Nous avons appris que Marine Le Pen et Emmanuel Macron étaient au second tour par un des policiers. Même si ce n’était pas une grande surprise, c’était une grosse déception. Les activistes françaises avec qui j’étais m’ont dit qu’il y avait une possibilité que Marine Le Pen soit présidente. Je sais que la population en temps de crise se fait aisément manipuler, et que pendant les élections les gens peuvent faire des erreurs à cause d’un manque d’éducation politique, par exemple. Le futur de la France est réellement menacé par cette candidate. Ça aurait aussi un impact sur toute l’Europe. Je veux rappeler ça aux électeurs. Marine le Pen ne représente pas les valeurs de la République. Les Français méritent mieux que d’être gouvernés par une personne anti-migrants, xénophobe, anti-féministe, qui veut juste détruire l’un des plus beaux, même si imparfait, projets politiques qu’est l’Union Européenne, qui représente des valeurs d’ouverture.
Ne pensez-vous pas que vos actions, par leur radicalité, pourraient conforter les électeurs FN dans leur vote ?
Nos actions ne sont radicales que pour ceux qui pensent que des femmes qui s’expriment haut et fort sont radicales, qui estiment qu’une femme qui utilise son corps comme moyen d’activisme est radicale.
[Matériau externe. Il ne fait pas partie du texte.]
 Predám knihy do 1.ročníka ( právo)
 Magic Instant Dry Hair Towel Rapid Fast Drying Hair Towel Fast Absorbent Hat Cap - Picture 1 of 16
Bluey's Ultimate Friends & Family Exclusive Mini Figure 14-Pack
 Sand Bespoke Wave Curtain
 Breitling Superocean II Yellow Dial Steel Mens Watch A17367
Tout ce que nous faisons en vérité c’est d’apparaître seins nus avec un slogan écrit sur la poitrine dans des lieux publics. Le reste n’est que la réaction à nos actions. Et ce sont ces réactions qui peuvent être extrêmement violentes et radicales. Comme ce qui s’est passé avec le FN et Marine Le Pen, le 1er mai 2015 ou la semaine dernière au Zénith. Or, montrer cette violence c’est montrer le vrai visage du FN.
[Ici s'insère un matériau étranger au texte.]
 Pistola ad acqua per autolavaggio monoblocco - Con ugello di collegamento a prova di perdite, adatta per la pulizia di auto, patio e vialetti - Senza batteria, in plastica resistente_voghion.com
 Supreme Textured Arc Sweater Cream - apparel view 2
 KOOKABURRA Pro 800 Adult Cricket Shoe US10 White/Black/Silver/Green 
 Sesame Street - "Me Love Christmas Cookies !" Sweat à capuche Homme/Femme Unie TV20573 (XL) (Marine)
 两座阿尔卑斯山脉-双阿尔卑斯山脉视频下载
Par ailleurs, je ne crois pas que nous Femen puissions réellement changer le vote des électeurs FN par nos actions. Nous essayons seulement de contribuer au débat public, de dire des choses qui ne sont pas dites, ou de les dire plus fort car elles ne sont pas entendues. La plus grande menace en temps de crise politique c’est de garder le silence. Le silence est l’ennemi du développement, de l’ouverture, de la liberté. Une société muette est malade. Nous essayons de briser ce silence et je sais que nous avons raison car nous recevons toujours beaucoup de soutien et de messages de gens qui nous rappellent qu’il n’y a personne d’autres à dire et à faire ce que nous faisons. Hier j’ai encore reçu plein de messages sur Twitter et Facebook me remerciant de mener cette bataille.
Comptez-vous mener une action le 7 mai ?
Je peux juste vous dire que nous continuerons toujours nos actions. Aucune accusation, aucune arrestation, aucun procès ne pourra nous arrêter. Nous sommes convaincues que nous ne menons que des actions pacifiques destinées à exprimer notre message politique. Nous ne commettons aucun crime. Nous ne parlons que de la liberté et de l’émancipation des femmes ! Quand des activistes, des journalistes sont arrêtés sans raison comme dimanche dernier, ça renforce l’idée qu’il faut voter contre Marine Le Pen, je crois.